Authors: Aihua Li, George Chen, Yu Li

Discussion thread
Vote thread
JIRA

FLINK-14917 - Getting issue details... STATUS

Release

Please keep the discussion on the mailing list rather than commenting on the wiki (wiki discussions get unwieldy fast).

Motivation

Since there's no widely accepted performance testing method in the stream-computing field at this moment, we've built an end-to-end performance-testing framework for Flink, which will collect delay and throughput of test jobs. Those collected metrics will indicate the engine's performance directly and can be used for finding performance regression by comparing data among different engine versions.

Goal

We propose to include at least 3 categories of end-to-end performance test suites, including:

  • Test suite for basic operations
  • Test suite for state backend
  • Test suite for shuffle service

And we need to monitor the result in two main aspects:

  • Job performance, mainly include throughput and latency
  • Hardware consumption, mainly include CPU/Memory/Network/Disk consumption

Roadmap

We plan to split the implementation into 4 phases:

  1. Add test suite for basic operations, and a visible WebUI to check the throughput data, pretty much like our existing flink speed center.
  2. Add more software and hardware metrics for the benchmark.
  3. Add test suite for state backend.
  4. Add test suite for shuffle service. 

Design

The detailed design of each test suite will be illustrated in this section.

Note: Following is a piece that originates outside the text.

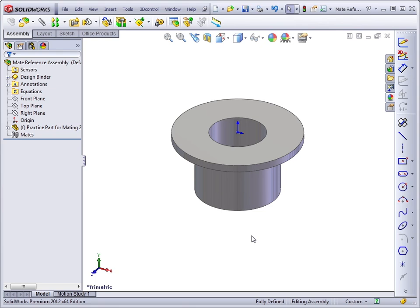In this lesson, you're going to learn about mate references. Mate references help you assemble parts into an assembly using predefined references for the mates to lock onto. Let's take a look at how they work.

Test Suite for Basic Operations

In this test suite we will use the default backend (heap) and shuffle service, to make sure of no regression on the basic end-to-end performance of flink job.

Job Topology

Instead of simulating each user scenario, we just choose the most basic topologies for performance test, i.e. SingleInputOperator and TwoInputOperator. These two basic topologies can form any complicated topologies through combination and deformation. Figure 1 and figure 2 show these two basic topologies:

 

Figure 1. One Input Topology

 

Figure 2. Two Input Topology 

Test Scenarios

The following dimensions of Flink job are taken into account when setting the test scenarios:

Topology

Logical Attributes of Edges

Schedule Mode

Checkpoint Mode

OneInput

Broadcast

Lazy from Source

ExactlyOnce

TwoInput

Rescale

Eager

AtLeastOnce


Rebalance




KeyBy



There're also other dimensions other than Flink characteristics, including:

  • Record size: to check both the processing (records/s) and data (bytes/s) throughput, we will test the 10B, 100B and 1KB record size for each test job.
  • Resource for each task: we will use the Flink default settings to cover the most used cases.
  • Job Parallelism: we will increase the parallelism to saturate the system until back-pressure. 
  • Source and Sink: to focus on Flink performance, we generate the source data randomly and use a blackhole consumer as the sink.

Test Job List

The above test scenarios could form 32 test jobs as shown below:

  •  OneInput + Broadcast + LazyFromSource + ExactlyOnce
  •  OneInput + Rescale + LazyFromSource + ExactlyOnce
  •  OneInput + Rebalance + LazyFromSource + ExactlyOnce
  •  OneInput + KeyBy + LazyFromSource + ExactlyOnce
  •  OneInput + Broadcast + Eager + ExactlyOnce
  •  OneInput + Rescale + Eager + ExactlyOnce
  •  OneInput + Rebalance + Eager + ExactlyOnce
  •  OneInput + KeyBy + Eager + ExactlyOnce
  •  OneInput + Broadcast + LazyFromSource + AtLeastOnce
  •  OneInput + Rescale + LazyFromSource + AtLeastOnce
  •  OneInput + Rebalance + LazyFromSource + AtLeastOnce
  •  OneInput + KeyBy + LazyFromSource + AtLeastOnce
  •  OneInput + Broadcast + Eager + AtLeastOnce
  •  OneInput + Rescale + Eager + AtLeastOnce
  •  OneInput + Rebalance + Eager + AtLeastOnce
  •  OneInput + KeyBy + Eager + AtLeastOnce
  •  TwoInput + Broadcast + LazyFromSource + ExactlyOnce
  •  TwoInput + Rescale + LazyFromSource + ExactlyOnce
  •  TwoInput + Rebalance + LazyFromSource + ExactlyOnce
  •  TwoInput + KeyBy + LazyFromSource + ExactlyOnce
  •  TwoInput + Broadcast + Eager + ExactlyOnce
  •  TwoInput + Rescale + Eager + ExactlyOnce
  •  TwoInput + Rebalance + Eager + ExactlyOnce
  •  TwoInput + KeyBy + Eager + ExactlyOnce
  •  TwoInput + Broadcast + LazyFromSource + AtLeastOnce
  •  TwoInput + Rescale + LazyFromSource + AtLeastOnce
  •  TwoInput + Rebalance + LazyFromSource + AtLeastOnce
  •  TwoInput + KeyBy + LazyFromSource + AtLeastOnce
  •  TwoInput + Broadcast + Eager + AtLeastOnce
  •  TwoInput + Rescale + Eager + AtLeastOnce
  •  TwoInput + Rebalance + Eager + AtLeastOnce
  •  TwoInput + KeyBy + Eager + AtLeastOnce

Result Check

In this initial stage we will saturate the system until back-pressure, so we mainly monitor and display throughput of the jobs.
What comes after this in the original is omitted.